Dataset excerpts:
- Opening Delimiter -
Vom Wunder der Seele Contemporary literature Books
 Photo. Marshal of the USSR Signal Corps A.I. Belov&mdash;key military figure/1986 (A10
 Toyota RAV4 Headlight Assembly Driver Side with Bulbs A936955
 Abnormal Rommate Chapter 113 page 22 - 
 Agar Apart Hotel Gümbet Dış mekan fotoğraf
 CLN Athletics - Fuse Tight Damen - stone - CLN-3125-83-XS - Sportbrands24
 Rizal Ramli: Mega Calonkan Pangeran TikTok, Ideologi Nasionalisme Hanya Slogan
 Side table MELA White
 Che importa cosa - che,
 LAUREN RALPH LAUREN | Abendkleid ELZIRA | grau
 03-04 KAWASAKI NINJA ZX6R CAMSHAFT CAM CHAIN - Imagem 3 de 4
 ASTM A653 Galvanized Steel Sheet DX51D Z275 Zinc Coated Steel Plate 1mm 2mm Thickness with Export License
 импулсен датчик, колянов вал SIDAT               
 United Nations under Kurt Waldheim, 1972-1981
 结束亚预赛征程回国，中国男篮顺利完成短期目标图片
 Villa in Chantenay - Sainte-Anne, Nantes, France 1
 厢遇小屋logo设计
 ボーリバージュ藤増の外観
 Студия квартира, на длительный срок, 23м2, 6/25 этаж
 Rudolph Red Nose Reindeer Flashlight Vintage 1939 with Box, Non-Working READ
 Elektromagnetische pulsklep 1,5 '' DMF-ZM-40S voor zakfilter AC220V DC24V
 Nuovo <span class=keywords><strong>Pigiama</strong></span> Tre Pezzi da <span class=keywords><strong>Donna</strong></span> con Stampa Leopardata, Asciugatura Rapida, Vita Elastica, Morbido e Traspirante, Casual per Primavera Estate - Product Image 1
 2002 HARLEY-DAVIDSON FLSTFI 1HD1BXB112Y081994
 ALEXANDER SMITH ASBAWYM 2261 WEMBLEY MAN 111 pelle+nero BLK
- Closing Delimiter -
Among the lines above, show every one that contains the string "Side".

 Toyota RAV4 Headlight Assembly Driver Side with Bulbs A936955
 Side table MELA White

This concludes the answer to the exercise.